Aphids and whiteflies are tiny insects that can be hard to see and are usually on the tomato leaves. They tend to be more a nuisance but since they suck from the vascular tissue of the plant, overtime they may cause serious damage. You’ll know you have whiteflies after you have brushed up against plants and white flies will fly off. Aphids will be bright yellow/green in color. Generally, it can be hard to control both whiteflies and aphids although there are some chemical solutions available. Insect predators like spiders and certain wasps can also control aphids/whiteflies. For most growers of tomatoes, whiteflies and aphids are merely tolerated.
The two main culprits of extensive tomato damage are tomato fruit worm and tobacco/tomato hornworm. Both of these are light green in the larvae forms that are very noticeable in the garden.
Tomato fruitworm will enter into the actual fruit itself causing the fruit to not ripen and be inedible. You’ll know you have tomato fruitworm when you see a ripened tomato earlier than expected and as you pick it, will see a hole in it. Tomato/tobacco hornworm will be on the stems and leaves of the plant.

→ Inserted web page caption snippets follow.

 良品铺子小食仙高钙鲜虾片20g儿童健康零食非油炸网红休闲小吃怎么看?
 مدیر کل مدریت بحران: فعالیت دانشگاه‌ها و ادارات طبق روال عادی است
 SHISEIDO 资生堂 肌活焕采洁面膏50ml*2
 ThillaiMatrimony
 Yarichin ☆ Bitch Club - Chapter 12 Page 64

The actual size of hornworm can be between 2-3 inches long and because of the size, you can pick them off by hand and kill them. Sometimes the tomato fruitworm can be removed by hand if it has not entered the fruit yet. By removing either of these large insects, you will keep destructive pests away from your plants.
There are numerous tomato pest scouting guides available online that show what these look like. By looking at these guides, you’ll be prepared for the insects when they show up.